RAMPART leaves an unpleasant taste in the mouth.
It's not just the subject matter that's distasteful. It's the film itself.
It serves no useful purpose as a piece of storytelling or acting.
Neither cover any new ground and both have been better done. This tale of a corrupt old school LA cop spiraling out of control is an implausible mess.
Set in 1999, seven years after the acquittal of the Los Angeles cops charged in the infamous Rodney King beating sparked the LA riots, the film stars the always unappealing Woody Harrelson as racist, sexist, foul-mouthed, womanising police officer, David Brown.
His professional life goes into a tailspin after he's caught on an incredibly professional looking amateur video beating the crap out of a motorist who's collided with his patrol car. Brown refuses to quit and the LAPD - for some inexplicable reason - appear unable to fire him or even suspend him, so he's soon back out on patrol using his badge and uniform to bully and intimidate various members of the public unlucky enough to cross his path.
His personal life's faring little better with his two ex-wives (who just happen to be sisters) deciding they no longer want him living with them and using their homes as a hotel.
Dave makes half-hearted efforts to resolve his problems but, really, he's too set in his ways for there to be a positive outcome to his multiple dilemmas and frankly, by the midway point in the story I had lost interest in watching him try.

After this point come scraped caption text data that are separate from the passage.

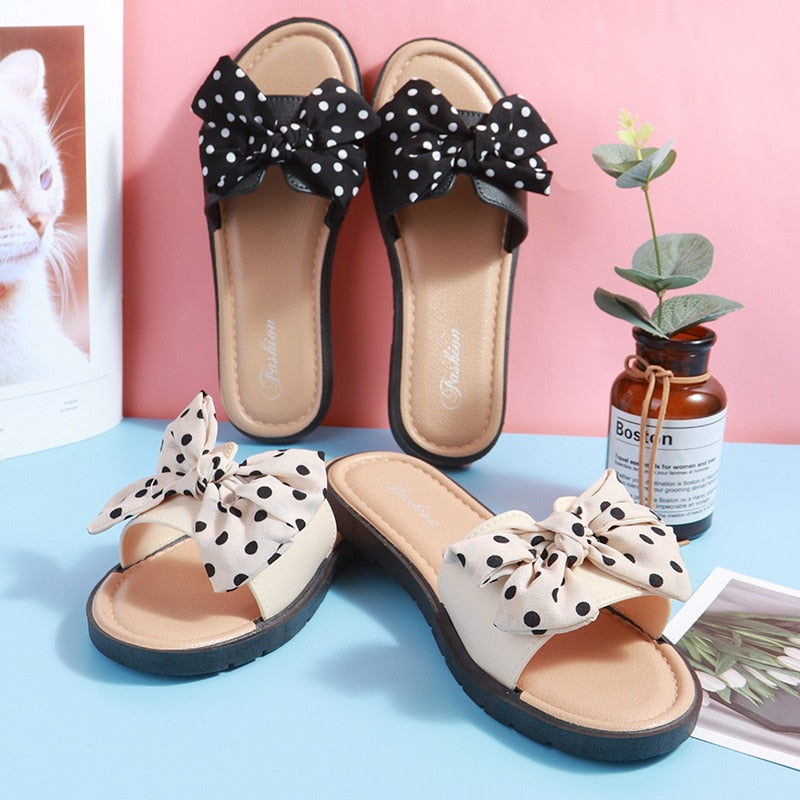 Women's Dot Details Bow Knot Slippers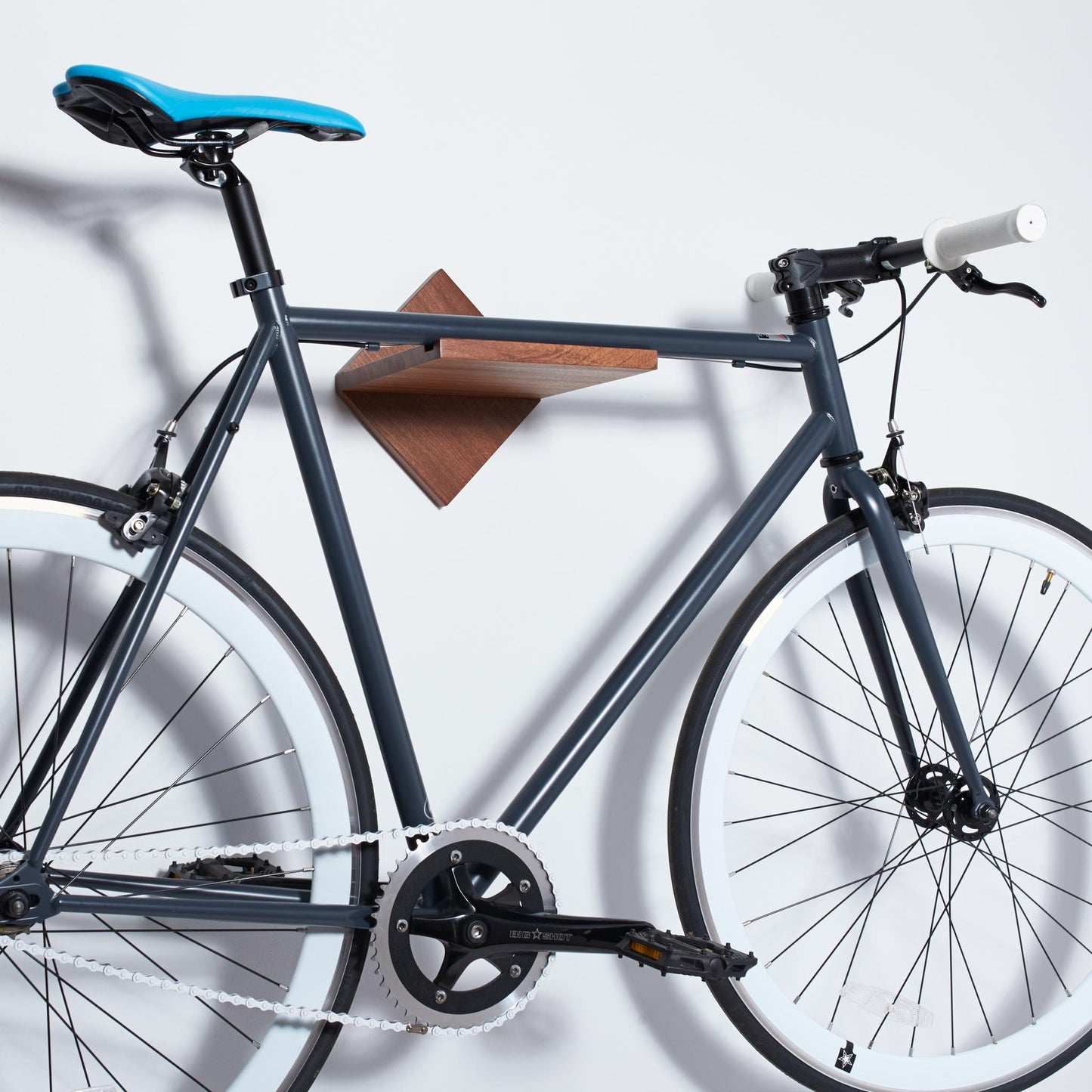 Minimalist Bike Shelf in Mahogany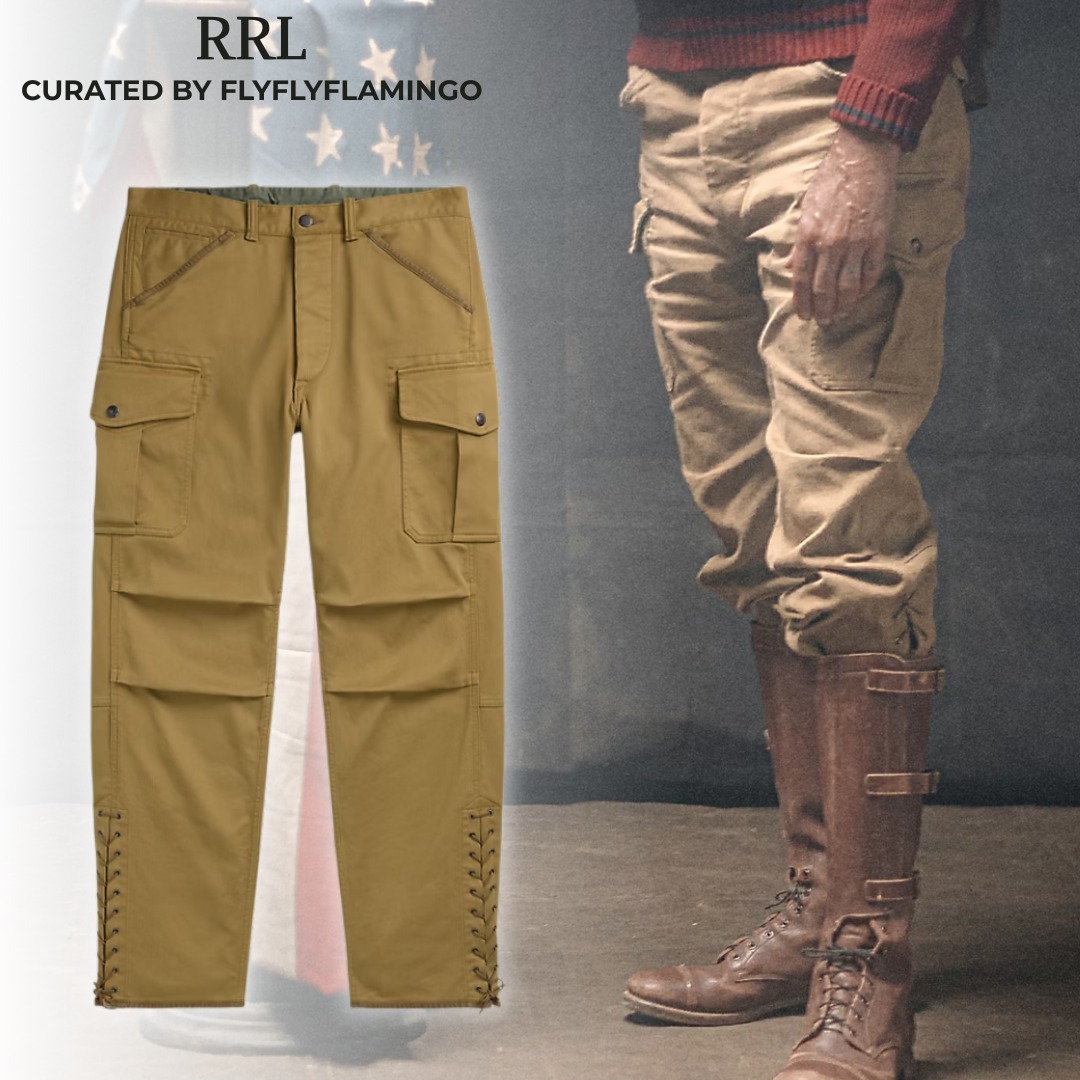 【RRL】メタルボタン マチ付きレースアップヘム カーゴパンツ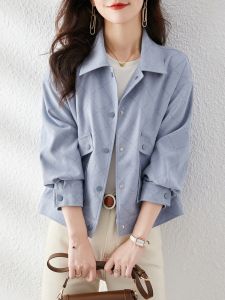 แจ็คเก็ตทรงหลวมสไตล์ลำลองสำหรับผู้หญิง ทรงปกติ แขนยาว ปกโปโล ฤดูใบไม้ร่วง 2023 แจ็คเก็ตขนสัตว์แบบลำลองสำหรับผู้หญิง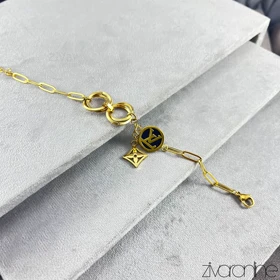 دستبند لویی ویتون زنانه نگین مشکی طلایی 40107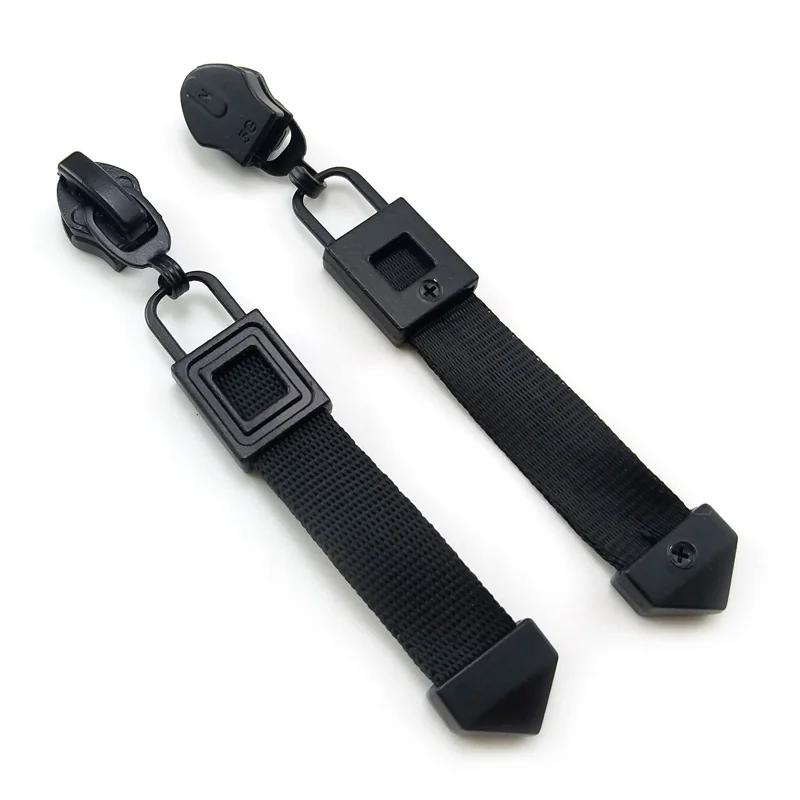 

(20pcs/lot) Fashion Geometric Pattern 5# Metal Zipper Sliders with Woven Tape Pulls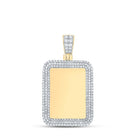 10kt Yellow Gold Men's Diamond Rectangle Memory Charm Pendant - Captivating Brilliance - Splendid Jewellery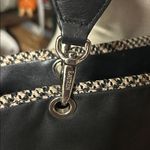 Lauren Ralph Lauren Black Leather Shoulder Bag with Houndstooth Trim Photo 1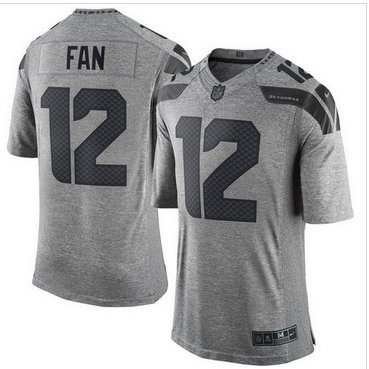 Nike Seattle Seahawks #12 Fan Gray Men's Stitched NFL Limited Gridiron Gray Jersey Nike Seattle Seahawks #12 Fan Gray Men's Stitched NFL Limited Gridiron Gray Jersey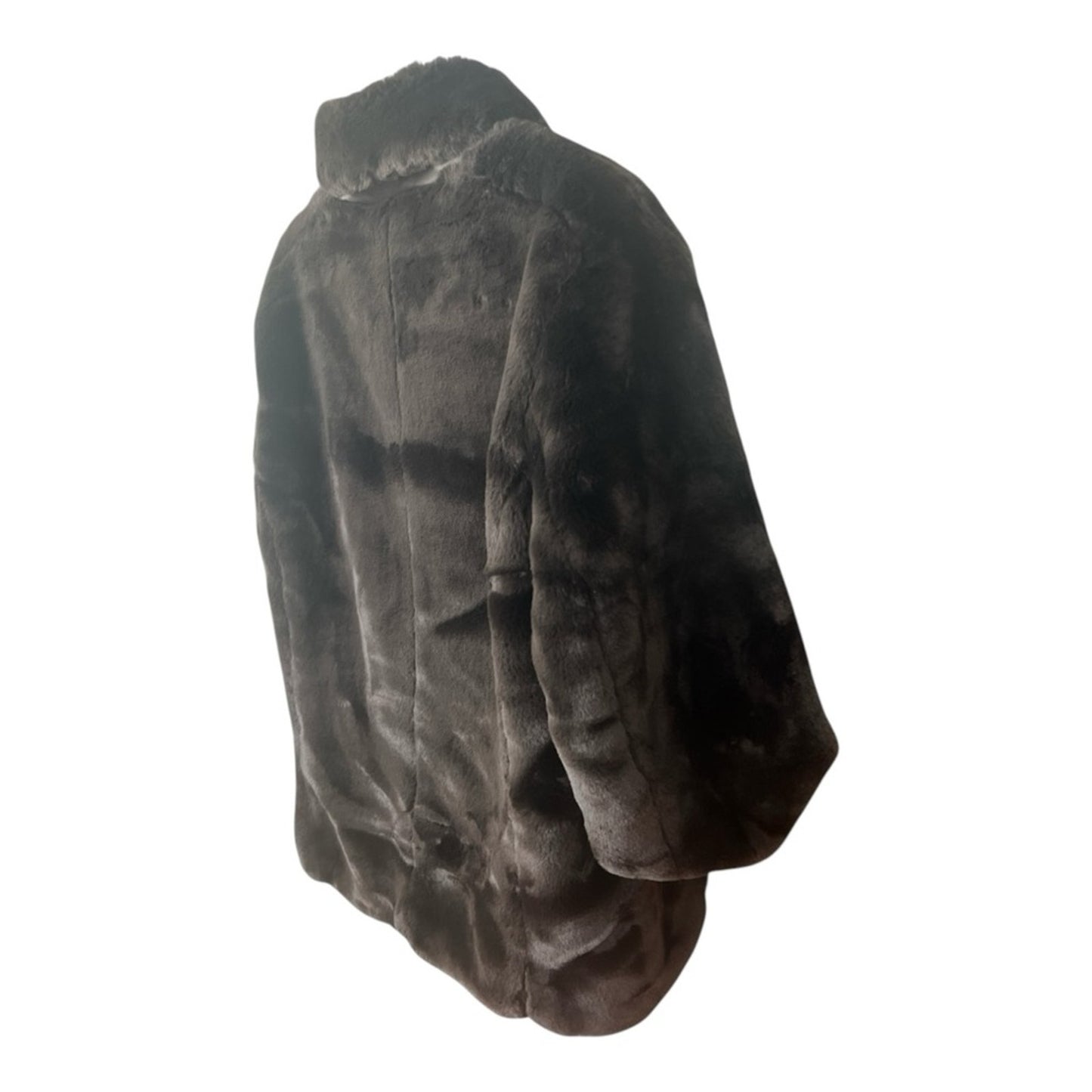 Vintage Faux Fur Jacket Choc Brown L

Watching a scumbag lacking even a single redeeming quality dig himself deeper and deeper into a hole entirely of his own making does not offer the viewer very much to identify or empathize with. Nor does RAMPART work as a character study since Harrelson and director Oren Moverman have chosen to explore ground already well mapped by Hollywood, and in most cases, better mapped. This film brings nothing new to the genre, and can't even provide us with a story that's at least halfway credible.